Starting at the line that holds "First Line FTH1383" and stopping at the line that holds "中青宝融资融券数据解读_中青宝300052资金流向分析_中青宝 融券", restate the records below word for word, with both of those lines included.

[Records for this exercise — start]

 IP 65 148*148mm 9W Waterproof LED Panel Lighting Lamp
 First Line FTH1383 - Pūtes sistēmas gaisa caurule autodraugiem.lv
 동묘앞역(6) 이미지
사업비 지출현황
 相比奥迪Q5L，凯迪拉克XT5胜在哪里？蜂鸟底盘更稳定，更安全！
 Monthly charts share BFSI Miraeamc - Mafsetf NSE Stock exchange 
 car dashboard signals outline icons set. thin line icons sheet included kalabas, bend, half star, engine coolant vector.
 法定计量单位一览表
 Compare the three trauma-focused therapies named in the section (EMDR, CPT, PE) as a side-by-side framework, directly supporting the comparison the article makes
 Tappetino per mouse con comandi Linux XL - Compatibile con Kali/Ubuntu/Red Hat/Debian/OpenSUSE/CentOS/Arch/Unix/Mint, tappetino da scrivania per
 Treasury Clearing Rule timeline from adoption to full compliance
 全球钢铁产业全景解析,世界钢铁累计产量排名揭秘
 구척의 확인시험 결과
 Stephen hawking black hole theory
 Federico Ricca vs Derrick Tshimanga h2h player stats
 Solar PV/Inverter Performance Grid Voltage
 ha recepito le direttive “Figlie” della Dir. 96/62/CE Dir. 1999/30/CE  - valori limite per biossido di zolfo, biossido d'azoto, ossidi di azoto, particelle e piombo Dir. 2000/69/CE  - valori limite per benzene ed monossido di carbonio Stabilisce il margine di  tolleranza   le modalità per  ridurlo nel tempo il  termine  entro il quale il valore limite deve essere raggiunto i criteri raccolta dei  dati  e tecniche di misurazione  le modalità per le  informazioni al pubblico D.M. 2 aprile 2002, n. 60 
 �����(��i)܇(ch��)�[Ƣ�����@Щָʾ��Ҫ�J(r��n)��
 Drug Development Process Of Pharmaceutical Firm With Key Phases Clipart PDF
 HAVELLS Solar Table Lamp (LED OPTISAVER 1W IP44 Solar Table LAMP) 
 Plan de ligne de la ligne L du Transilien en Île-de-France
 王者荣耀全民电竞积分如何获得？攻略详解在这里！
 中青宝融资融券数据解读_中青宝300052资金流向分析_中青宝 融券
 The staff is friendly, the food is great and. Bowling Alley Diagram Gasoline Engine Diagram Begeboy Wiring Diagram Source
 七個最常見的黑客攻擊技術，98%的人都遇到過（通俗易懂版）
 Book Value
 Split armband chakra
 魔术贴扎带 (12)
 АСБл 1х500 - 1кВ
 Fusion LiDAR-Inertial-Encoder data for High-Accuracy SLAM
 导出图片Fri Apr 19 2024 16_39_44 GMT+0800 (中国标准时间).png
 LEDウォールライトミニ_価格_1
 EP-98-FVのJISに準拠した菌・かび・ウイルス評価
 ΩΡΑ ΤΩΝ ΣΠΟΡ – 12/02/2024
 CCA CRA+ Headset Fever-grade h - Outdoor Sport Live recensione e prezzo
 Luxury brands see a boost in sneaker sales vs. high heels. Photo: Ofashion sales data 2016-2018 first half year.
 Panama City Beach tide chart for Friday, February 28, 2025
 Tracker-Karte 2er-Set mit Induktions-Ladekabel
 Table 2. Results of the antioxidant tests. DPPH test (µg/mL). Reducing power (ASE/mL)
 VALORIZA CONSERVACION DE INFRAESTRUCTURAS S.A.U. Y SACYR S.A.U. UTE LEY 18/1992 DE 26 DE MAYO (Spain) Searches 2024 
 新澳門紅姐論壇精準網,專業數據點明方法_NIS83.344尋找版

[Records for this exercise — finish]

Solution to the exercise
 First Line FTH1383 - Pūtes sistēmas gaisa caurule autodraugiem.lv
 동묘앞역(6) 이미지
사업비 지출현황
 相比奥迪Q5L，凯迪拉克XT5胜在哪里？蜂鸟底盘更稳定，更安全！
 Monthly charts share BFSI Miraeamc - Mafsetf NSE Stock exchange 
 car dashboard signals outline icons set. thin line icons sheet included kalabas, bend, half star, engine coolant vector.
 法定计量单位一览表
 Compare the three trauma-focused therapies named in the section (EMDR, CPT, PE) as a side-by-side framework, directly supporting the comparison the article makes
 Tappetino per mouse con comandi Linux XL - Compatibile con Kali/Ubuntu/Red Hat/Debian/OpenSUSE/CentOS/Arch/Unix/Mint, tappetino da scrivania per
 Treasury Clearing Rule timeline from adoption to full compliance
 全球钢铁产业全景解析,世界钢铁累计产量排名揭秘
 구척의 확인시험 결과
 Stephen hawking black hole theory
 Federico Ricca vs Derrick Tshimanga h2h player stats
 Solar PV/Inverter Performance Grid Voltage
 ha recepito le direttive “Figlie” della Dir. 96/62/CE Dir. 1999/30/CE  - valori limite per biossido di zolfo, biossido d'azoto, ossidi di azoto, particelle e piombo Dir. 2000/69/CE  - valori limite per benzene ed monossido di carbonio Stabilisce il margine di  tolleranza   le modalità per  ridurlo nel tempo il  termine  entro il quale il valore limite deve essere raggiunto i criteri raccolta dei  dati  e tecniche di misurazione  le modalità per le  informazioni al pubblico D.M. 2 aprile 2002, n. 60 
 �����(��i)܇(ch��)�[Ƣ�����@Щָʾ��Ҫ�J(r��n)��
 Drug Development Process Of Pharmaceutical Firm With Key Phases Clipart PDF
 HAVELLS Solar Table Lamp (LED OPTISAVER 1W IP44 Solar Table LAMP) 
 Plan de ligne de la ligne L du Transilien en Île-de-France
 王者荣耀全民电竞积分如何获得？攻略详解在这里！
 中青宝融资融券数据解读_中青宝300052资金流向分析_中青宝 融券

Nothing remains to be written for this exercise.